Au Royaume-Uni, le soupçon de biais racial resurgit dans une vaste affaire d’exploitation sexuelle
Au Royaume-Uni, le soupçon de biais racial resurgit dans une vaste affaire d’exploitation sexuelle
Par Philippe Bernard (Londres, correspondant)
L’enquête du « Daily Mirror » sur un réseau pakistanais met en question l’attitude des élus et des autorités.
Les élus travaillistes et la police locale ont-ils fermé les yeux sur l’exploitation sexuelle à grande échelle sur des mineures dans des villes défavorisées du Royaume-Uni par des gangs d’hommes principalement d’origine pakistanaise, par crainte d’être accusés de racisme ? Le soupçon, confirmé en 2014 à Rotherham (nord de l’Angleterre), resurgit depuis la publication par le Daily Mirror, le 11 mars, d’une enquête portant sur la ville de Telford, dans le centre du pays. Ce tabloïd, proche du Labour, agrège des témoignages remontant jusqu’aux années 1980, pour affirmer que « près d’un millier de jeunes filles, certaines âgées de seulement 11 ans, [y] ont été violées, battues et vendues comme esclaves sexuelles ».
Ce trafic, souvent organisé par des gérants de fast-food, avait été révélé au début des années 2010 et sept hommes avaient été condamnés en 2013 à des peines de prison. Tous étaient d’origine pakistanaise tandis que leurs victimes étaient « blanches », selon une nomenclature courante au Royaume-Uni. Mais selon le Mirror, alors que d’autres accusations avaient été portées, « les autorités ont négligé de conserver le signalement des membres des communautés asiatiques [Indiens et Pakistanais] par peur du “racisme” ». Connu depuis longtemps, le trafic de jeunes filles et leur exploitation auraient pris, à Telford, une ampleur beaucoup plus vaste que celle reconnue par les autorités.

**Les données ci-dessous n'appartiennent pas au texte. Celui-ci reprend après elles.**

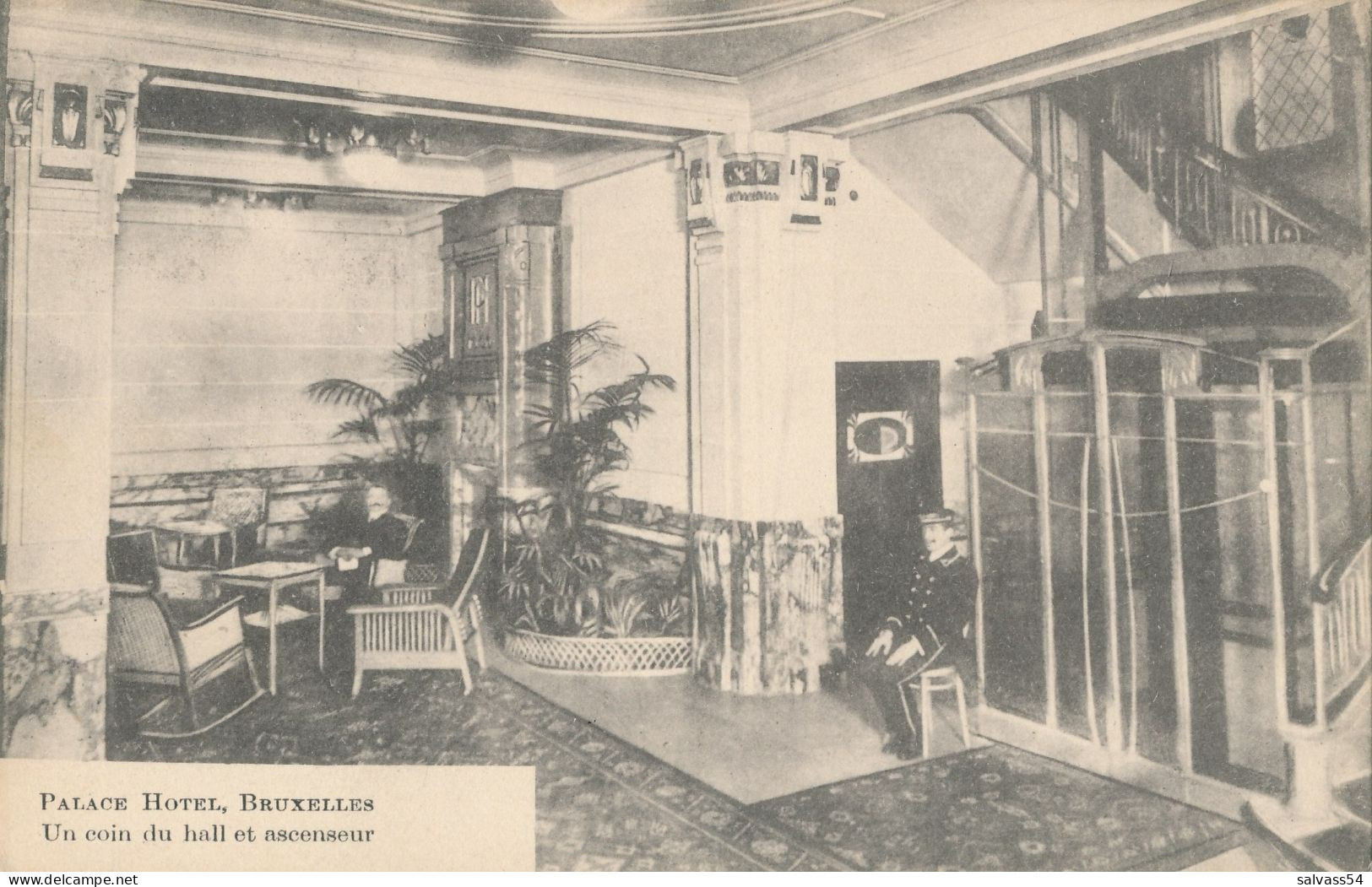 BELGIQUE : BRUXELLES : PALACE HOTEL - Un Coin Du Hall Et Ascenceur - Cafés, Hôtels, Restaurants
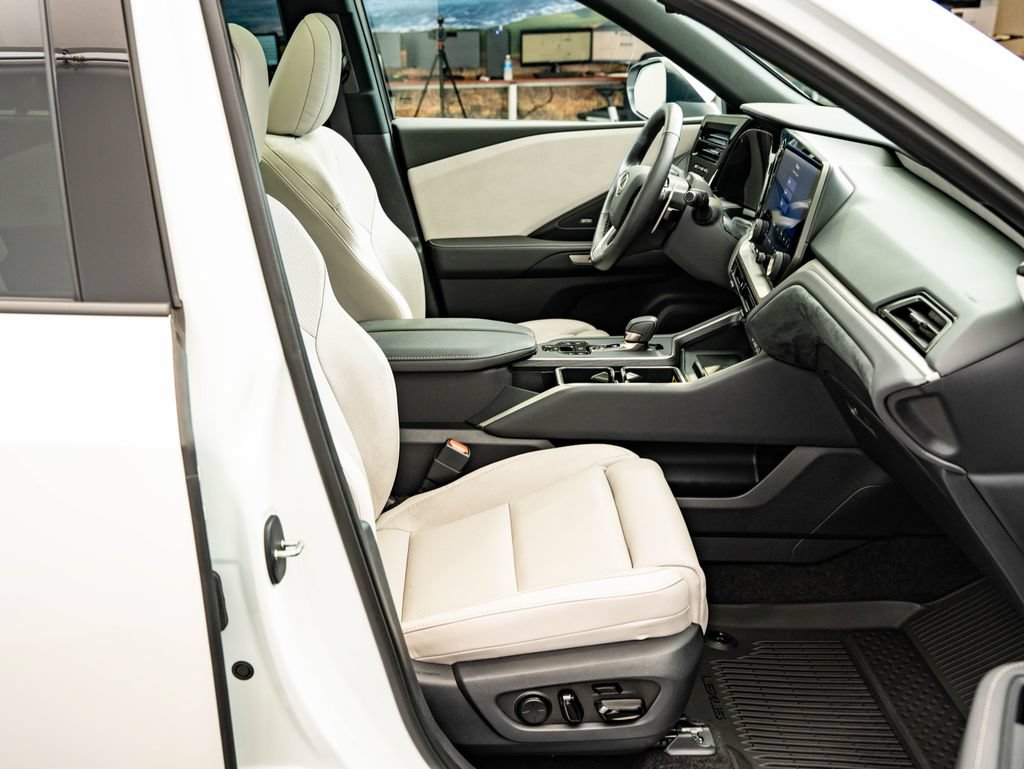 Certified 2026 Lexus TX 350 AWD w/ Technology Package image 24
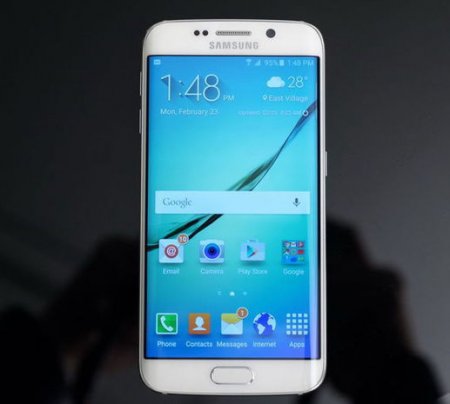 “Samsung” Rusiyada “Galaxy S6 Edge”nin satışının start tarixini açıqladı
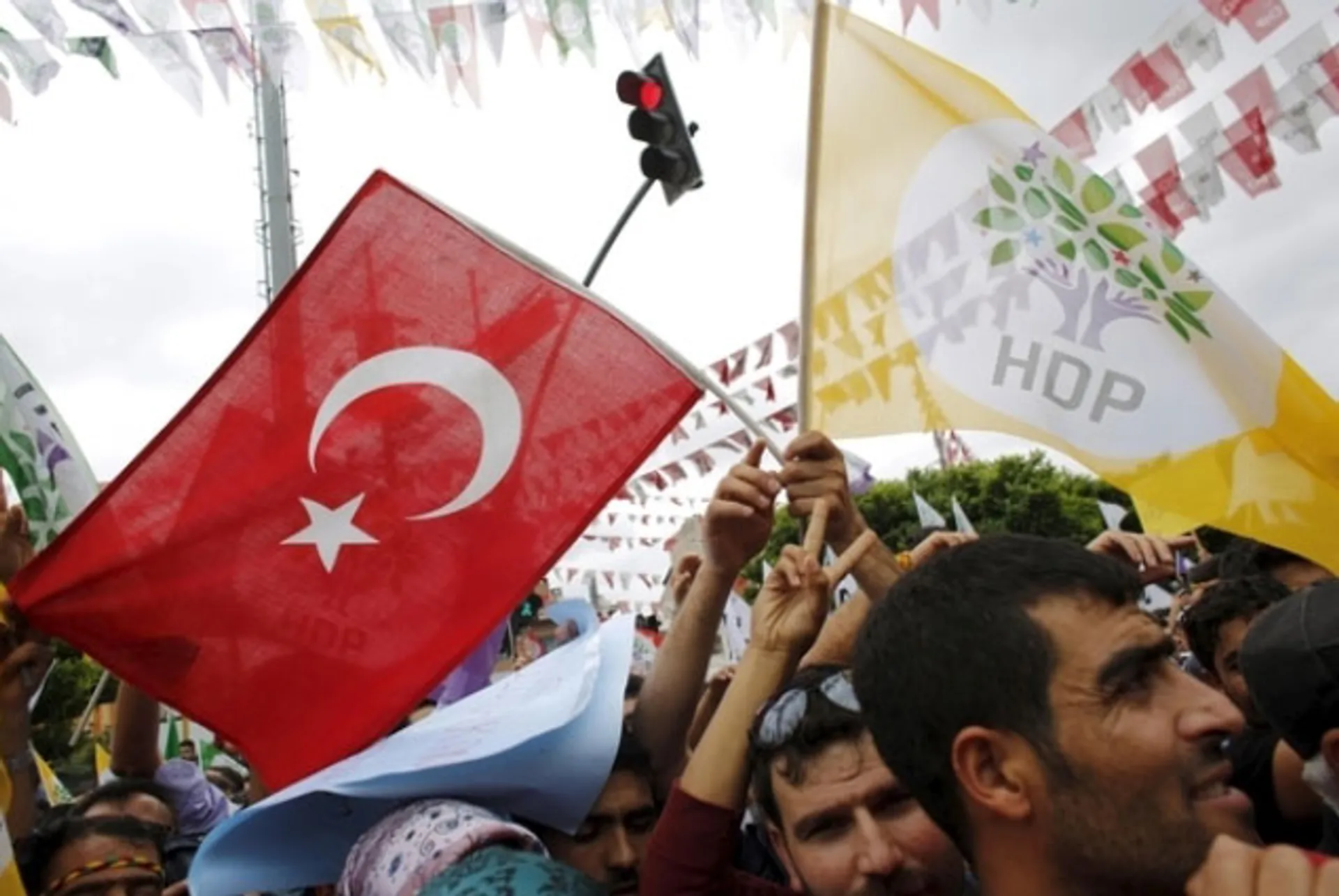 Капитал - Правящей партии Турции не удалось получить большинство голосов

Sordides, les récits publiés par le quotidien décrivent un système où des adolescentes, voire des fillettes, de milieux pauvres, sont attirées par les cadeaux d’hommes sans scrupule, rendues dépendantes par l’alcool ou la drogue puis utilisées comme esclaves sexuelles. « Chaque nuit, j’étais forcée d’avoir des relations sexuelles avec plusieurs hommes dans des fast-foods dégoûtants et des maisons sales, affirme une femme, âgée de 14 ans à l’époque des faits. Je devais prendre la pilule du lendemain deux fois par semaines sans poser de questions. »
Scepticisme
Les témoignages du Mirror accablent aussi les services sociaux, qui auraient fermé les yeux, et la police, qui aurait rejeté des plaignantes, les considérant comme « consentantes ». Il décrit les ravages causés à long terme en termes de santé mentale. Alors que les auteurs des sévices se seraient comptés par dizaines voire centaines, seuls sept ont été condamnés. Tom Harding, le chef de la police locale, estime que le « millier » de victimes recensées par le journal est un chiffre gonflé pour « faire du sensationnel » avec des faits accumulés « depuis vingt ou trente ans ».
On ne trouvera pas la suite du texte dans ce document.